まず、銭箱からの交通の利便ということも含めてであるが、店の設置の問題がある。すなわち安政五年四月に箱館奉行は、恵比寿屋半兵衛に対し、「其方儀セニハコよりトヨヒラエ之山道手前エ小休所取建、幷サンタラヘツ辺エ見世相開、在住之向日用諸品仕込置、無差支様売上致へし」(安政五午年石狩改革一件 村山家資料)と命じた。サンタルベツ、すなわちのちの手稲富岡付近としたのは、銭箱からの区切りと共に、ホシオキ、ハッサム在住地両方の便もあったのであろう。
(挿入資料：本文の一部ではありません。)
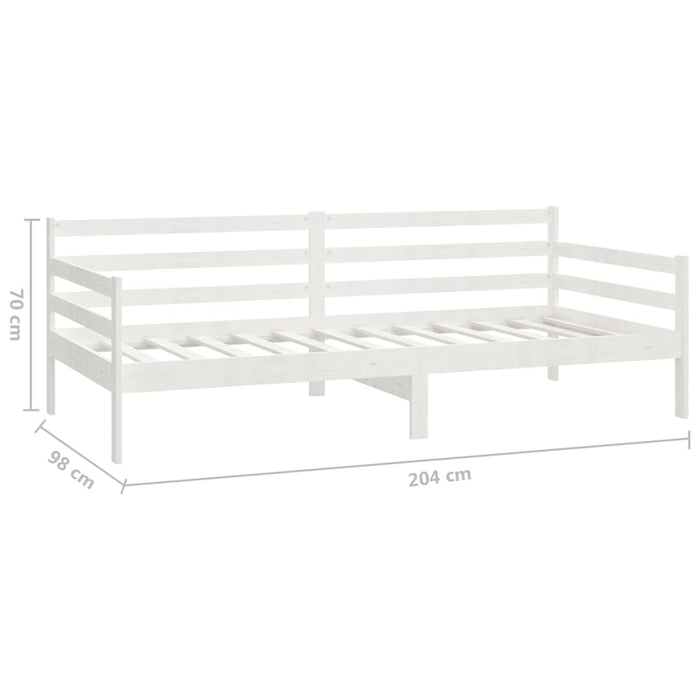 Divano Letto con Materasso 90x200 cm Bianco in Legno di Pino cod mxl 58938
また、当時としては、集落が形成されれば社寺が建立されるのが通常で、かつ官からみれば民生安定の一つの基本でもあった。
神社については、安政四年に入地した山岡精次郎が稲荷社を建立した。前掲明治七年の『発寒村地図』(図1)にイナリとあるのがそれで、のち発寒神社となって現在に至っている。このほか、イシカリ役所調役の荒井金助は、安政四年十一月にオタルナイ川付近で波にさらわれて死亡した永田久蔵をあわれみ「小祀を建て祭て田祖霊神となし、農夫吉蔵に命じて之を祭らしめ」(荒井金助事蹟材料)たという。
寺院・小庵の建設についても、若干の動きがあった。『東本願寺北海道開教百年史』では、願乗寺法恵(西本願寺末)がハッサムに掛所を建設すべく安政中に土地の貸下げをうけたが、結局は不成功に終わったという記述がある。同寺は安政四年暮にサッポロに寺庵建立の指示を受けるが、安政五年四月付、橋本伊左衛門なる者の書状として「サッポロ之儀ハ人家モ無之、大ニ歎居リ候処、同所ハ蝦夷地中央四方平面之地ニテ地之利宜処……調役・同下役・同心等追々在住引越ニ相成」(箱館蝦夷地エ御出張所取立一件)云々と、ハッサムとは確定はできないものの、かなり具体的に寺院等設立の動きのあったことを示している。
また安政四年九月には、ウスの善光寺がスッツ、イソヤ、ヨイチ、オタルナイに小寺庵室を取建てたい旨箱館奉行に願い出たが、奉行はスッツ・ヨイチのうち一軒、イシカリ領内サッポロ・ハッサムのうち一軒、ソウヤに一軒の取建を申渡した。同六年にはハッサム建立分は「円昭山真如院」の山号寺号も定められたが、実現はしなかったようである(御用留 モンヘツ御用所 安政七年)。